This says precisely what I said in 1):

Chet wrote:
> Alternately, you can think of the NUL at the end of the string as an
> additional field terminator,

Except if you do that, then 'a,' has two fields since the end of the
string is an additional field terminator, as I explained.

> but one that follows the adjacency rules and doesn't create any empty
> fields.

So it's a *very special* field terminator that is mentioned nowhere in
the POSIX specification.

> - http://std.dkuug.dk/JTC1/SC22/WG15/docs/rr/9945-2/9945-2-98.html
>
> Though I was aware of these behaviours, I do find the POSIX wording to be 
> unclear as concerns the observations made by the second link, to say the 
> least.

So I'm not the only one who thinks it's unclear.
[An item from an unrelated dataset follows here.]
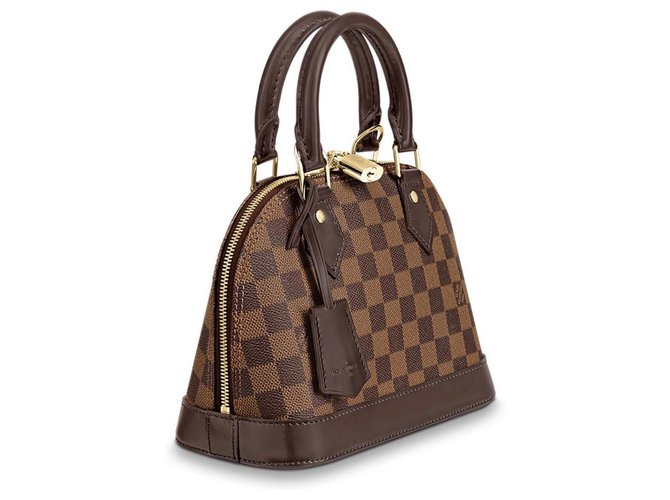 Louis Vuitton Handbags Multiple colors Leather ref.8513 - Joli Closet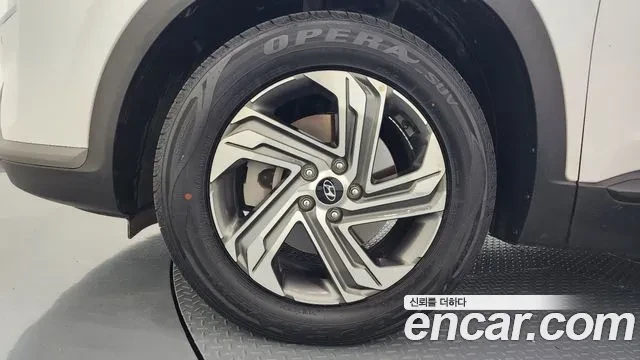 Hyundai Santa fe Diesel 2.2 2WD, снимка 17 - Автомобили и джипове - 54089482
Not to mention the small detail that the Internal Field Separator is
not a *separator*, but a terminator (with certain exceptions).

-- 
Felipe Contreras



Re: IFS field splitting doesn't conform with POSIX

2023-03-30 Thread Emanuele Torre
On Thu, Mar 30, 2023 at 11:35:08AM -0600, Felipe Contreras wrote:
> > How can you say that the current implementation that bash, dash, etc.
> > use is not compliant to the POSIX specification?
> 
> I have never said that.

The title of this thread is "IFS field splitting doesn't conform with
POSIX".

 emanuele6



Re: IFS field splitting doesn't conform with POSIX

2023-03-30 Thread Oğuz İsmail Uysal

On 3/30/23 7:51 PM, Felipe Contreras wrote:
So? This is argumentum ad populum. The fact that most shells do X 
doesn't imply that POSIX says X. 
POSIX documents existing practice. If what it says differs from what the 
majority of shells do, then it's POSIX that is wrong. And this mailing 
list is not the right place to complain about it.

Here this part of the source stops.